-- Information provided --

- Opening Delimiter -

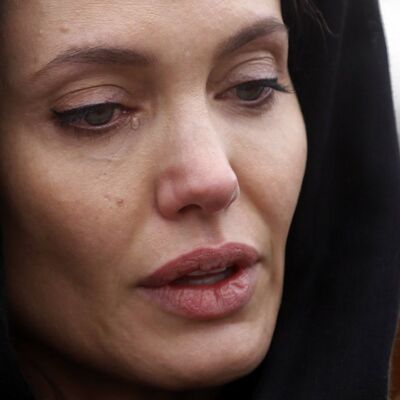 Anđelina Džoli uplakana u Srebrenici (FOTO)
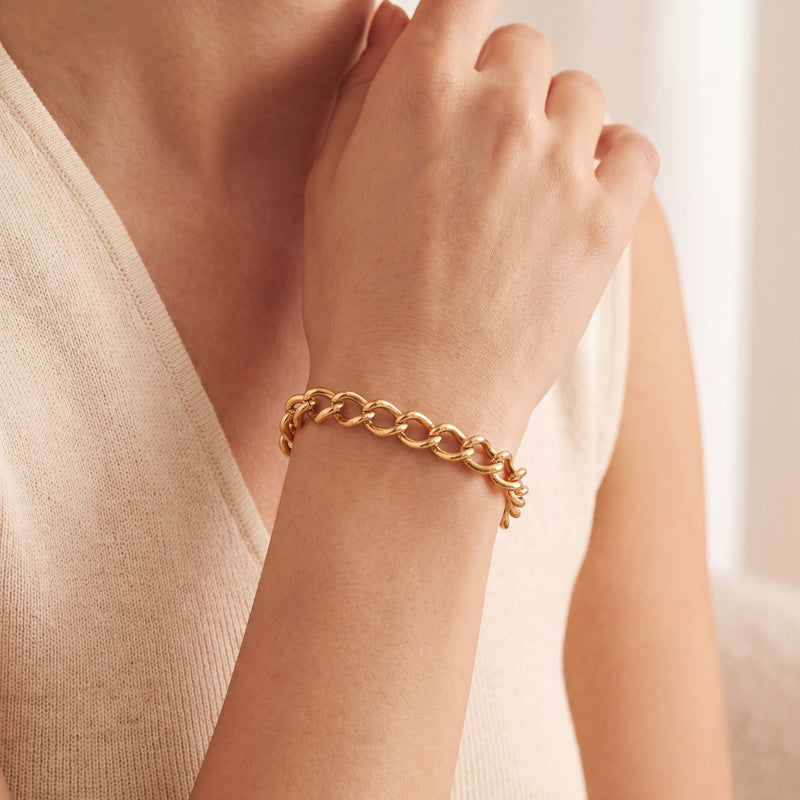 Vintage Curb Bracelet in 9ct Yellow Gold
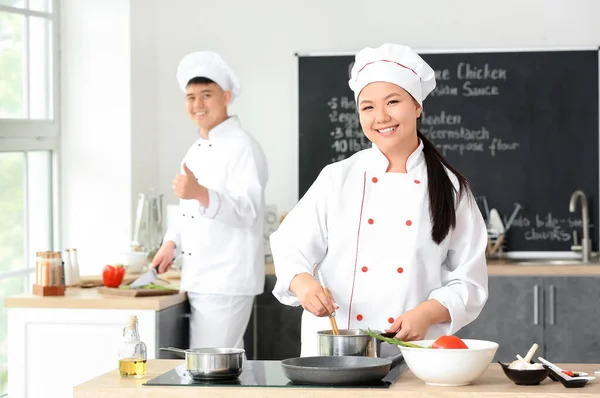 亚洲厨师在厨房一起做饭 — 图库照片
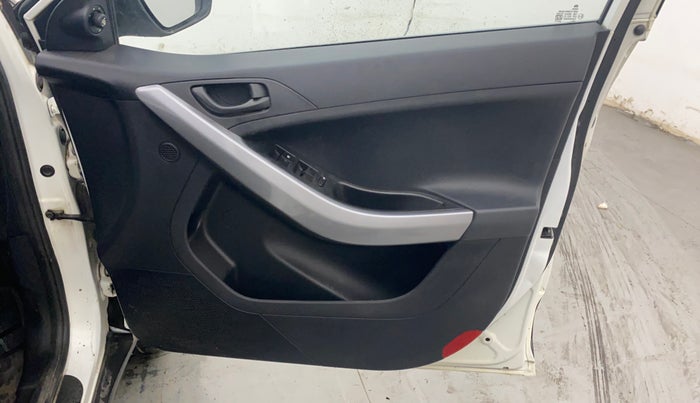 2021 Tata NEXON XM SUNROOF PETROL, Petrol, Manual, 32,181 km, Driver Side Door Panels Control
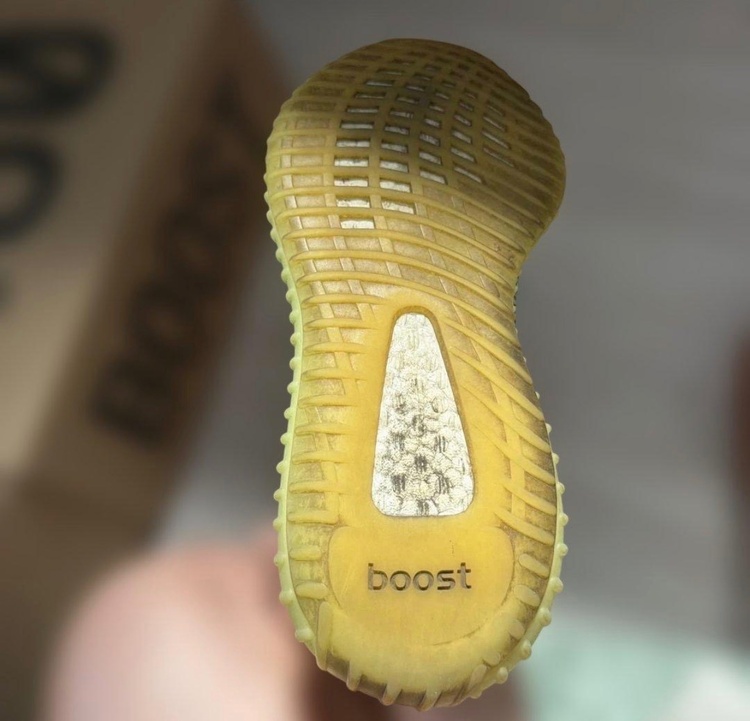 YEEZY BOOST 350 イーズリール V2（古着・ファッション）の商品画像 - 査定依頼日：2026年8月20日 - 最高査定価格：2,300円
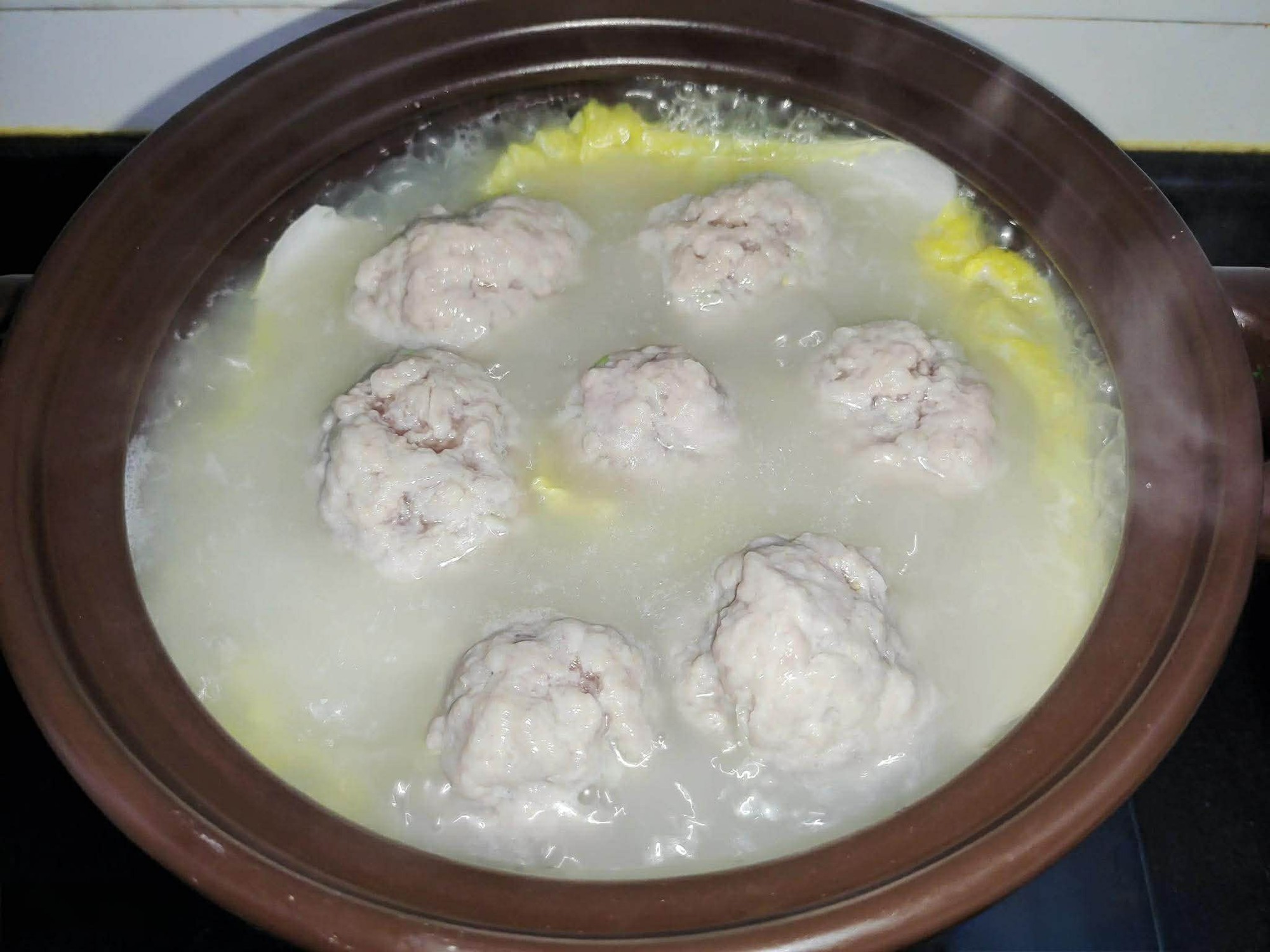 Một m&oacute;n canh ho&agrave;n hảo cho bữa cơm nh&agrave;: C&aacute;ch nấu dễ, nguy&ecirc;n liệu rẻ, nước d&ugrave;ng ngọt ngon đậm đ&agrave; đưa cơm v&ocirc; c&ugrave;ng - Ảnh 4.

- Closing Delimiter -

-- Your assignment --
Return the records above exactly as written, but without any of the pictures.

-- Answer space --
 Anđelina Džoli uplakana u Srebrenici (FOTO)
 Vintage Curb Bracelet in 9ct Yellow Gold
 亚洲厨师在厨房一起做饭 — 图库照片
 2021 Tata NEXON XM SUNROOF PETROL, Petrol, Manual, 32,181 km, Driver Side Door Panels Control
 YEEZY BOOST 350 イーズリール V2（古着・ファッション）の商品画像 - 査定依頼日：2026年8月20日 - 最高査定価格：2,300円
 Một m&oacute;n canh ho&agrave;n hảo cho bữa cơm nh&agrave;: C&aacute;ch nấu dễ, nguy&ecirc;n liệu rẻ, nước d&ugrave;ng ngọt ngon đậm đ&agrave; đưa cơm v&ocirc; c&ugrave;ng - Ảnh 4.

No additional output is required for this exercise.